Pretty much there's really not much going on with my life. I'm not putting so much worry about everything happening in my life anymore. It's pretty weird in that when I feel inadequate and I end up doing something really stupid, I realize how I'm not really that bad at what I thought I was sometimes and then retain some sense of stability for awhile. When I lose this focus and feel inadequate again, the process starts all over again where I feel like I'm not really that bad and attain stability again.
I'm making this same pattern of mistakes repetitiously and it's becoming really annoying for me so I'm just going to have to take the next step and just live it out in the best manner that I can when I feel inadequate again. I'm not going to resort to jealousy or hatred but try to remain in loving terms with like the worst people on the face of the planet.
I started a new occupation again which is pretty much working at my dad's company.
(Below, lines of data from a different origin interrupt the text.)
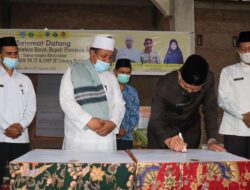 Gubernur Ingatkan Sekolah Swasta Tanpa Keunggulan Akan Ditinggalkan
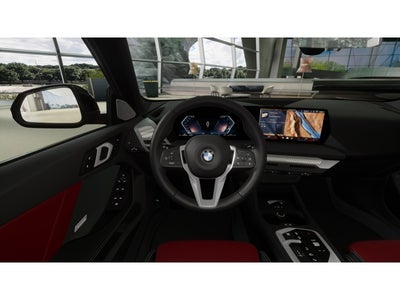 2026 BMW 2 Series 228 xDrive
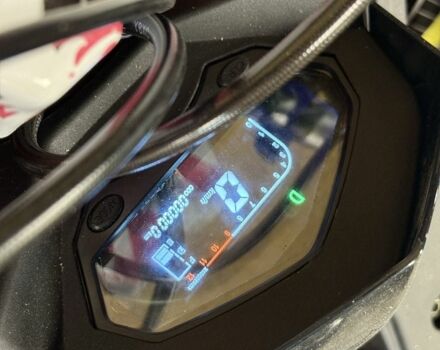 Другая Другая, объемом двигателя 0.15 л и пробегом 0 тыс. км за 1400 $, фото 3 на Automoto.ua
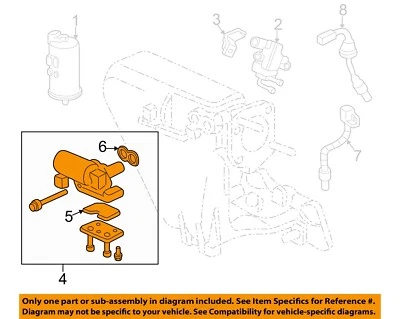 Medidor de flujo de aire de inyección de combustible usado se adapta a: Honda Cr-v AT Grado A 1999 Foto 1 de 3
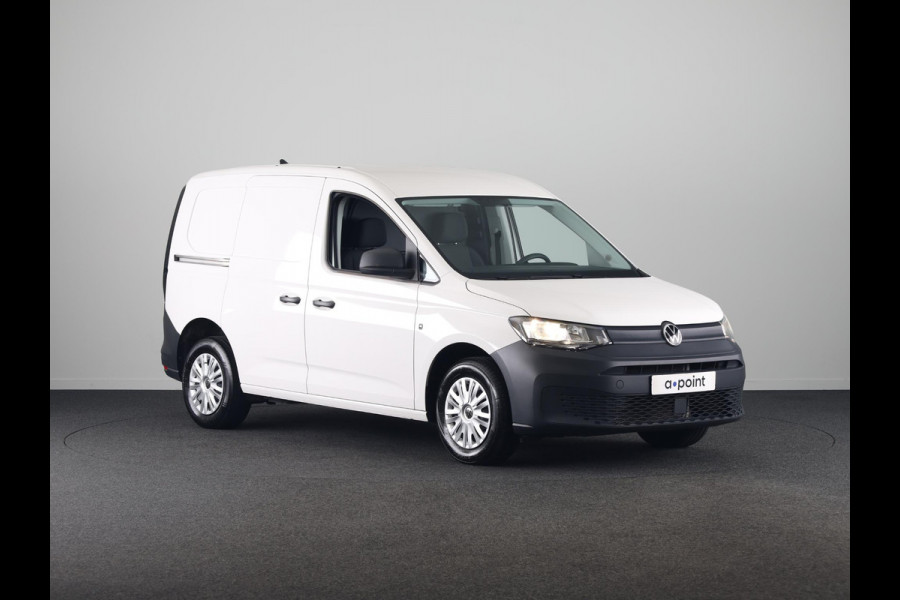 Volkswagen Caddy Cargo 2.0 TDI Trend 102PK | Parkeersensor | Airco |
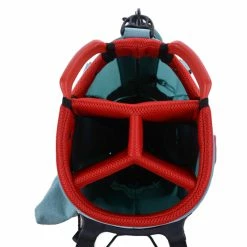 ONOFF OB0322 9" Stand Bag (Blue) -Golf Bag Shop GF3000201055 3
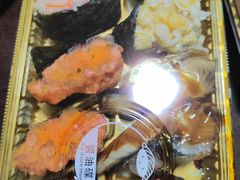 -争鲜回转寿司(西红门荟聚PLUS店)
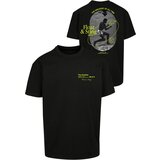 MT Upscale Men's T-shirt The Greatest - black | shoptok.hr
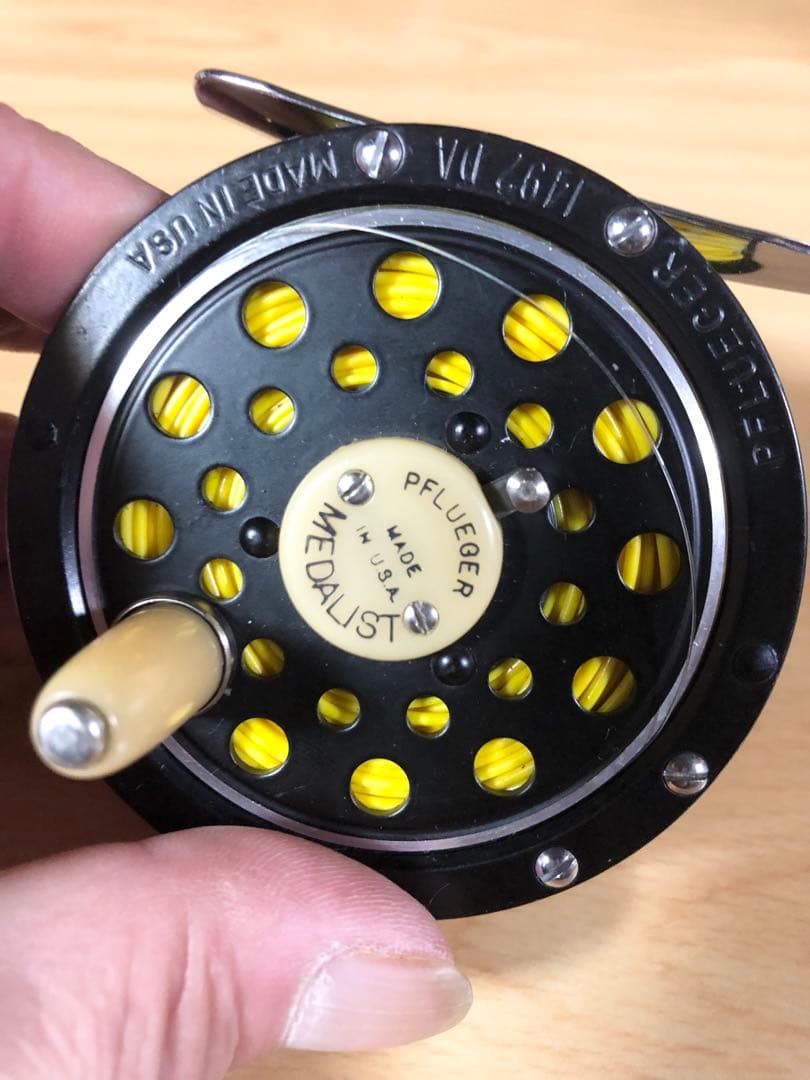 フルーガーメダリスト1492DA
It's really tiresome being there, but at the same time I"m really enjoying the experience and work load I'm getting from there. I feel like I'm set at an industry and can earn a form of living so that I can pay my bills and personal living expenses. I really am enjoying this challenge of becoming Mr. Responsible!
It's really been a privilege with my own upbringing, and the moment I have to sacrifice it for the greater good and the highest degree of love, it would be a moment where I tried my best to stay alive and at the same time wouldn't be that bad if the results don't really come out as I would have liked for them too. I'm a really short person for a man whose probably around 5' 3" to 5'4" and at the same time, I try to maintain a personal reflection of serenity and stability around others. I have a pretty decent amount of friends, and I have been able to still keep up in current times from being short. Maybe, it really doesn't matter being short and who I end up being with as long as the spouse is inwardly beautiful. I don't really care being made fun of because of my appearance and don't really mind being shunned because of it anymore. I'm not going to let those types of things turn me into a bitter person.